- Data extracts -
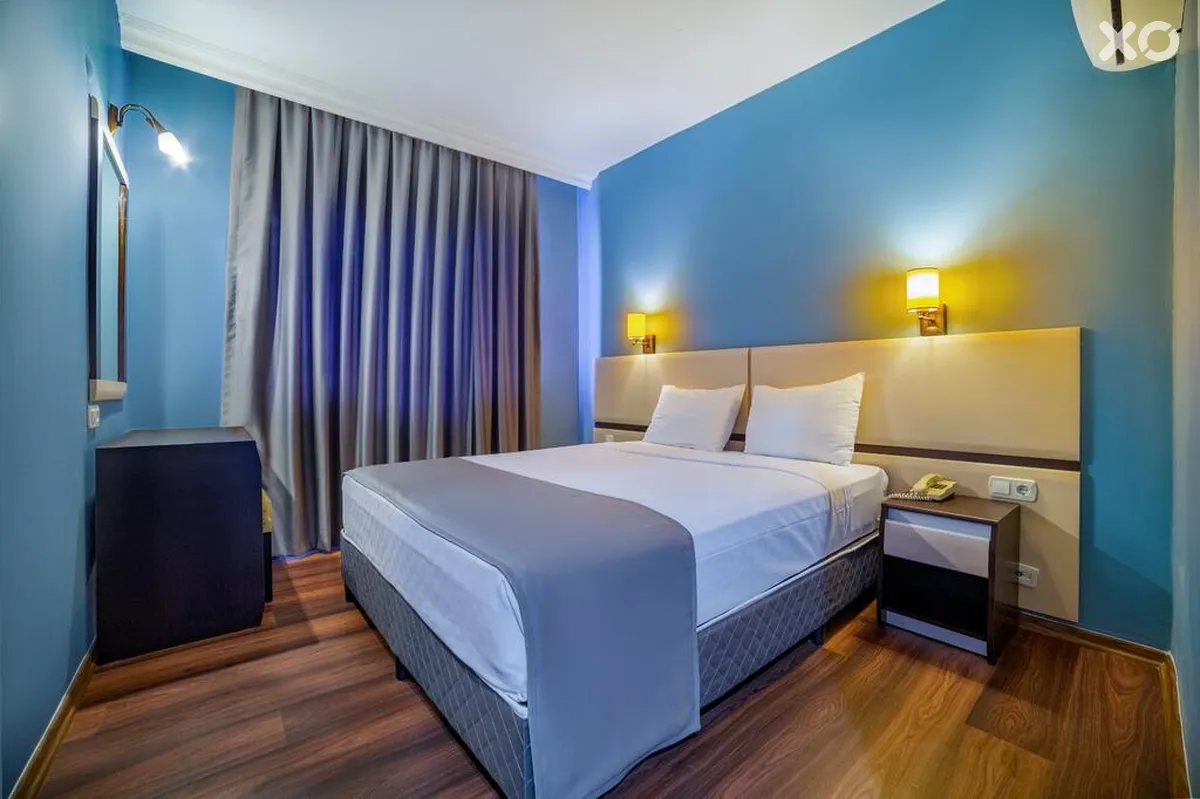 Royalisa City Apart Hotel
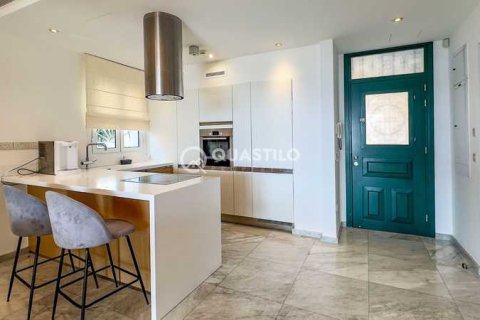 5 chambres Villa à Limassol, Cyprus No. 101120 14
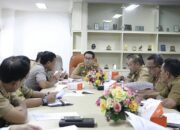 Target Tipe A di 2019, Pemprov Lampung Tambah Dua Gedung RSUDAM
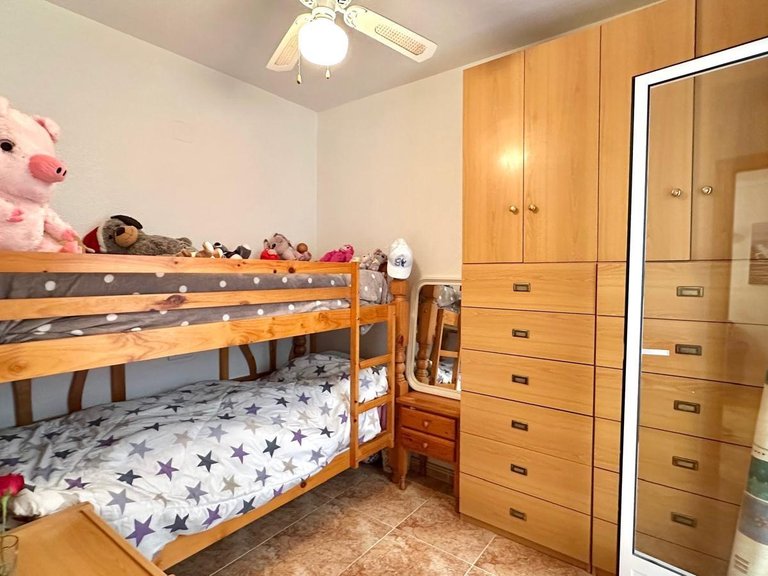 Apartment for Sale in Parque de las Naciones - Torrevieja,Alicante 14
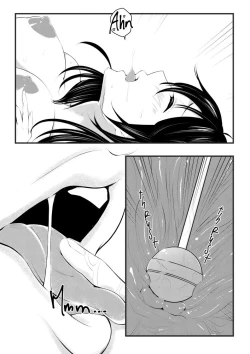 Page 14 of A Girl with Lollipop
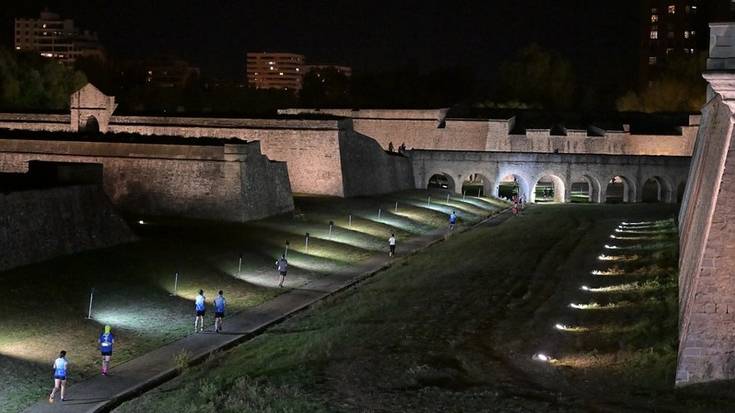 Harresien Lasterketan primeran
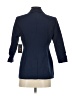 INC International Concepts Blue Blazer Size P (petite) - photo 2
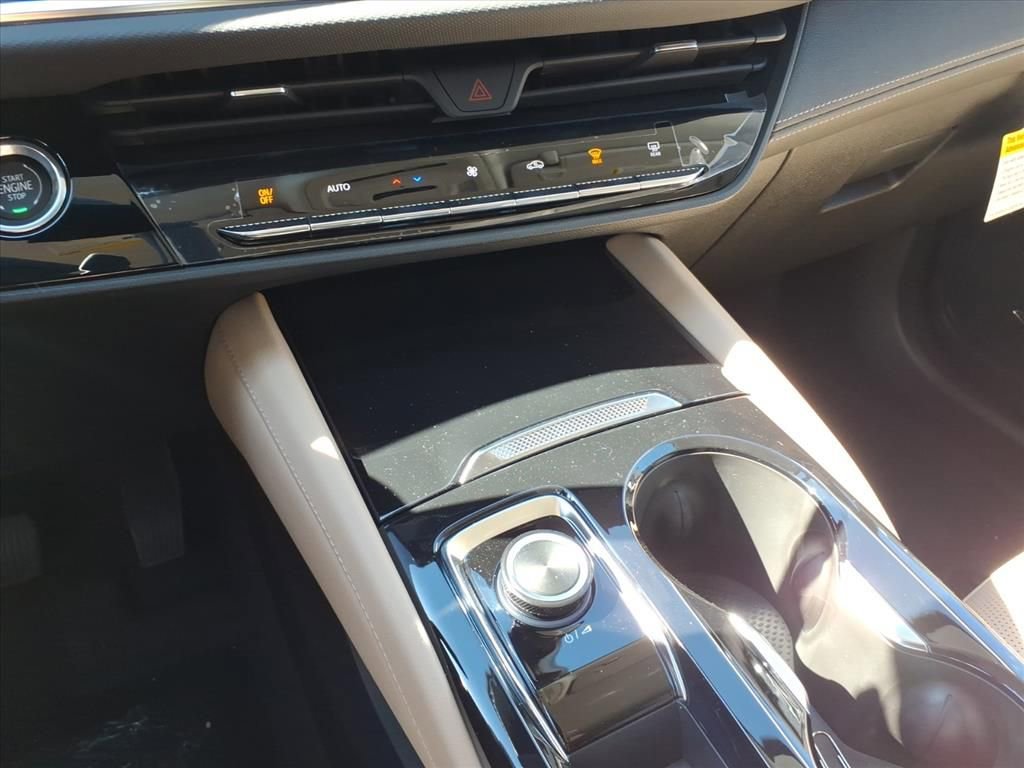 New 2026 Buick Envision Preferred image 18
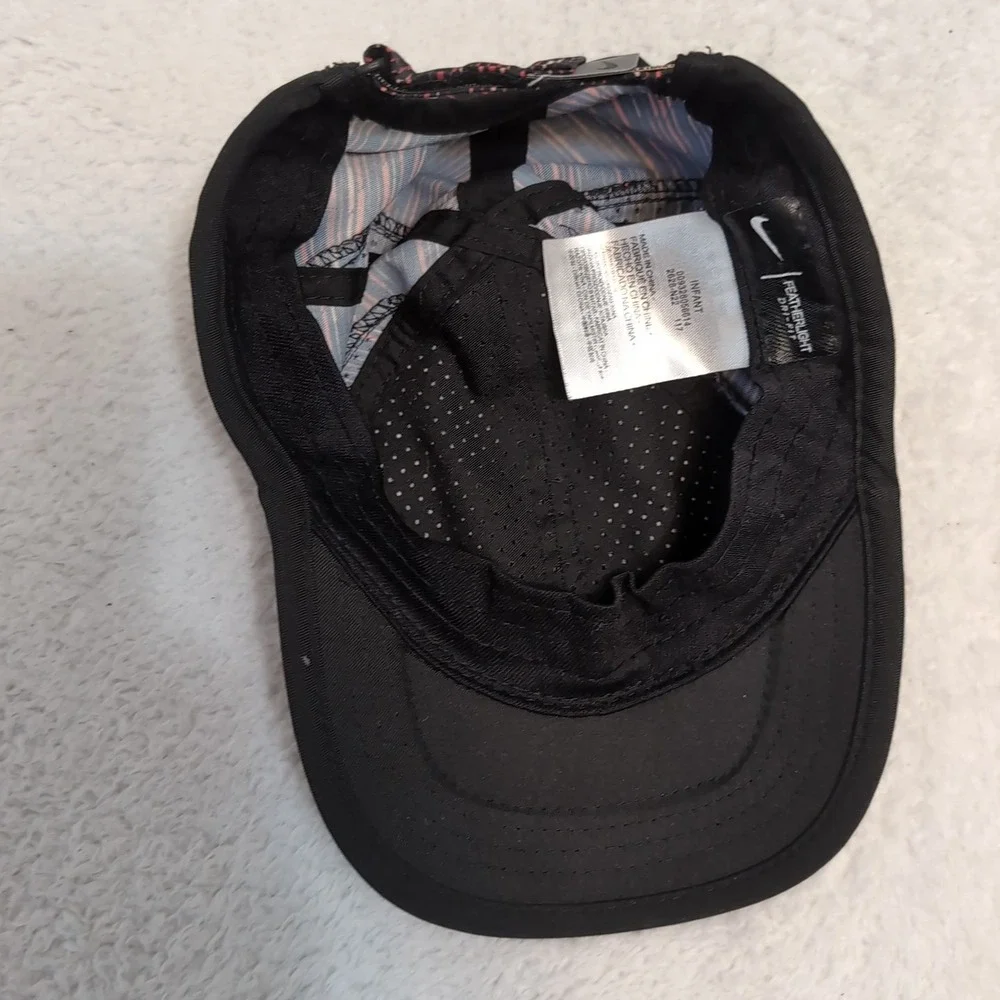 N/A introducing nike
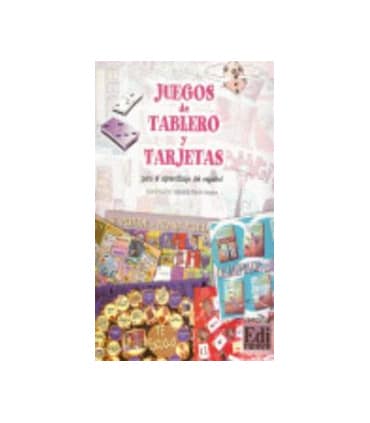 Juegos de tablero y tarjetas
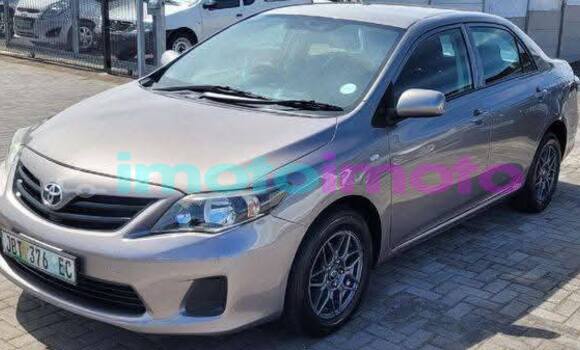 Buy Used Toyota Corolla Other Car in Booysens in Gauteng Buy Used Toyota Corolla Other Car in Booysens in Gauteng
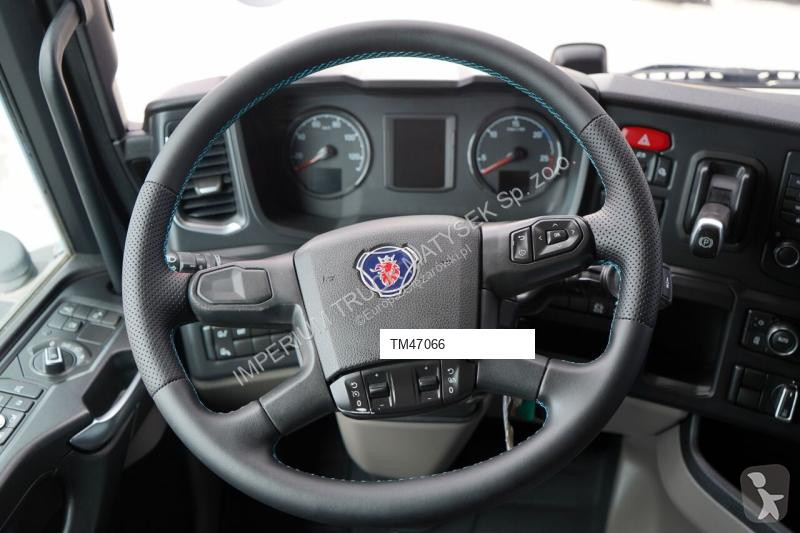 Tractor Scania R 450 / I-PARK COOL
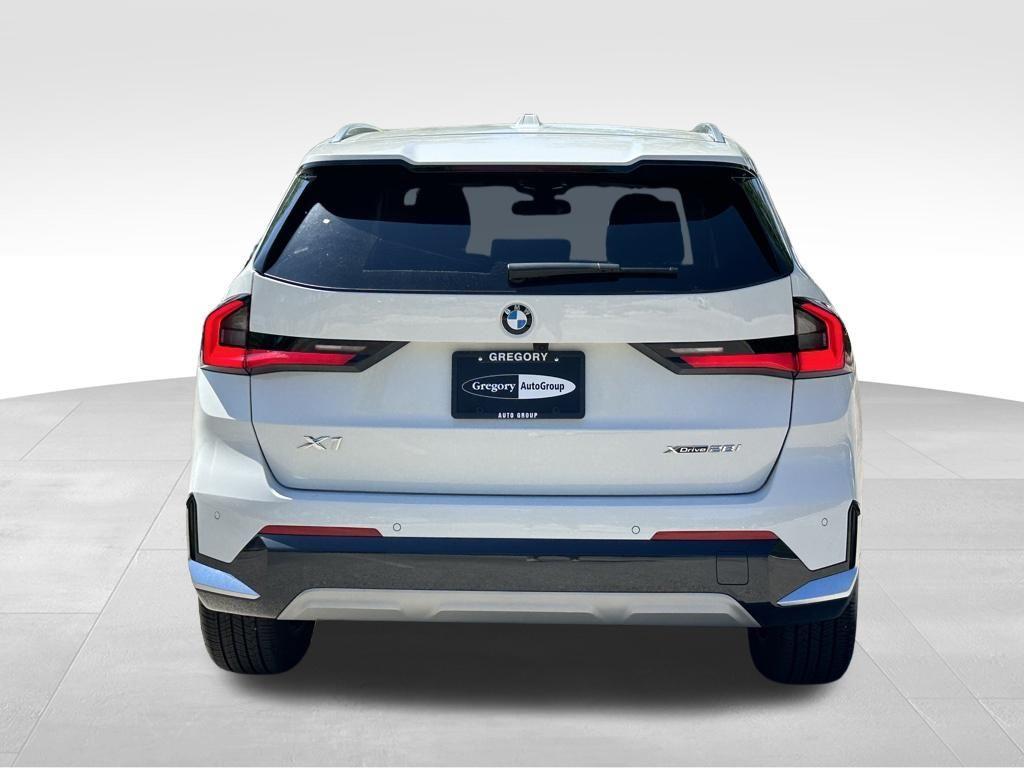 used 2026 BMW X1 car, priced at $37,298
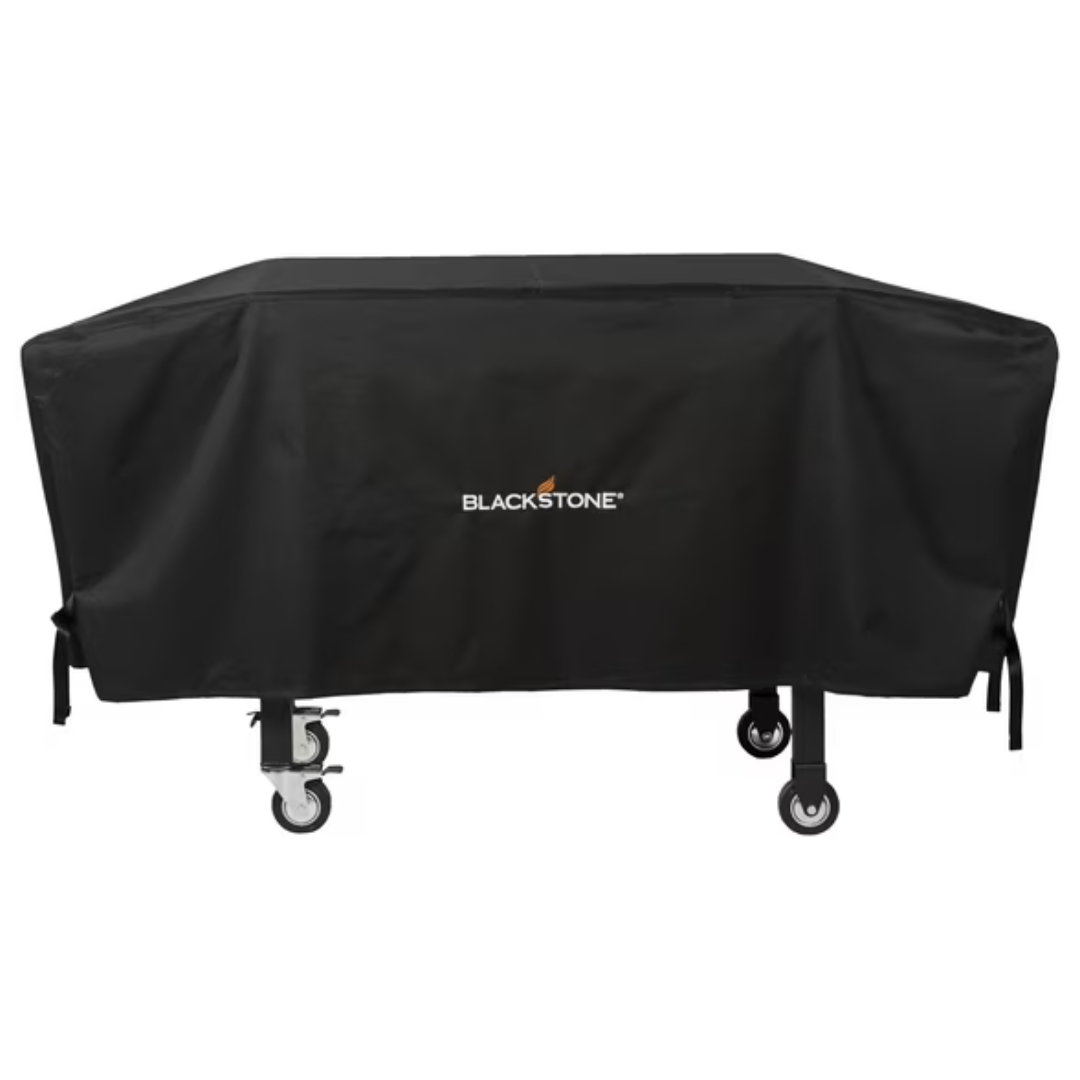 Blackstone 600D Polyester Heavy Duty Flat top Gas Grill Cover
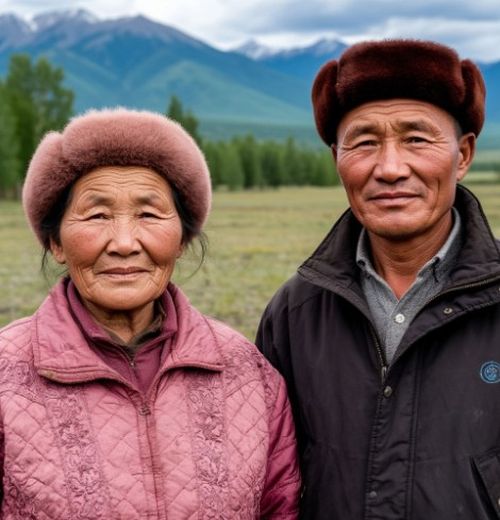 В Туве в Центрах здоровья теперь можно оценить индивидуальные риски старения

- Work to be completed -
Every line above in the stretch from the one with "Harresien Lasterketan primeran" through the one with "Tractor Scania R 450 / I-PARK COOL" is to be transcribed exactly, ends included. No picture is copied.

- Task response -
 Harresien Lasterketan primeran
 INC International Concepts Blue Blazer Size P (petite) - photo 2
 New 2026 Buick Envision Preferred image 18
 N/A introducing nike
 Juegos de tablero y tarjetas
 Buy Used Toyota Corolla Other Car in Booysens in Gauteng Buy Used Toyota Corolla Other Car in Booysens in Gauteng
 Tractor Scania R 450 / I-PARK COOL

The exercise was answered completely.